Why is it called a warm up? I'm ALWAYS warm. Here we go...hello giant mirrored wall mocking my every move. Fancy seeing you here. Right, left, right, right, left. Arms this way, butt that way and feet this way.....huh? Forget it, I'll just follow Betty Boop in front of me. Bad idea, those jazz shoes are tripping her up and her Fosse is looking funky. I'm on my own, but I'll give it everything I've got. A white girl with a Brazilian dream.

Two high powered, tempo driven, salsa inspired songs into it and we're on our way to svelte bodies in no time.

Not so fast. Remember old dude? Well try as he may, its just not happening and with every uncoordinated boop of his bop, I am suddenly sucked into his awkward vortex. Shoot, now, I'm completely off beat and believe me, I was on it, (whatever, you weren't there) Over to my right, Sally so and so is keeping up. Wow, she's pretty good. I'm impressed. But, as the tempo changes, the truth is revealed and her flailing humanity is left bare and vulnerable on the mean floor. Electrified octopus, need I say more. Am I to feel bad about taking pride in my slightly less spazy skills? No. It's every fool for himself out here.

With every glance pulling me in the wrong direction, my only choice is to face forward and glue my gaze to Ms. "Z" herself, she's my only hope. The more I watch, the more I transform. Suddenly, I'm back in the gyrating game. I'm not this very white, VERY sweaty, very red in the face flailing failure. No, I'm moving, I'm shaking, I'm getting it done. One foot in front of the other, swiveling my body like a well seasoned Rockette. Look out Shakira, because this towns got a new set of hips. Moving, shaking, and all the while NOT bumping into Pro.
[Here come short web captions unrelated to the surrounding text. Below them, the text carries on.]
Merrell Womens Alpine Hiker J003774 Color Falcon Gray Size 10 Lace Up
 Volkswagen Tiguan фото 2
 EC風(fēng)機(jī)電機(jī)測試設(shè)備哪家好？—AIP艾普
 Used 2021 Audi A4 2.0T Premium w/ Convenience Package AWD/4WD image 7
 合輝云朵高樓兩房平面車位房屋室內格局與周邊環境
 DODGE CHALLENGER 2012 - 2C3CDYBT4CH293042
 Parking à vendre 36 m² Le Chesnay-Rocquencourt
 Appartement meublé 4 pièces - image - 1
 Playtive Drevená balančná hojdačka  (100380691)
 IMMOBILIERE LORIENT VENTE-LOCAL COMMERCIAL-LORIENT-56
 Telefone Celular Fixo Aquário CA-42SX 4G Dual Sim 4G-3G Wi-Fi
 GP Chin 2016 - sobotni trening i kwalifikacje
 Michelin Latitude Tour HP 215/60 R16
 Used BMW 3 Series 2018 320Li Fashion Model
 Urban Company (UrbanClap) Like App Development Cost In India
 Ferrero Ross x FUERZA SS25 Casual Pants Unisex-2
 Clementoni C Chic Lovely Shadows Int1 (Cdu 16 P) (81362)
Oh, wait? I didn't mention her? You mean I left out my fiery, rhythmic, Puerto Rican, Zumba partner? Let's just say she's got it in the bag. She's packing heat in her feet and pep in her step and man, can she get down! We are quite the pair, let me tell you. So what if I don't have the quick step down or that my salsa moves resemble a desperate person putting out a fire with their bare feet. I am in it to win it and she's got my back.

It's been a fun stride and might I add, it's one thing to shake it when your center of gravity isn't being impaired by a bunch of junk-in-yo-trunk, so for little Miss thang who was positioned right behind me, watch out, I'm about to get my Zumba on!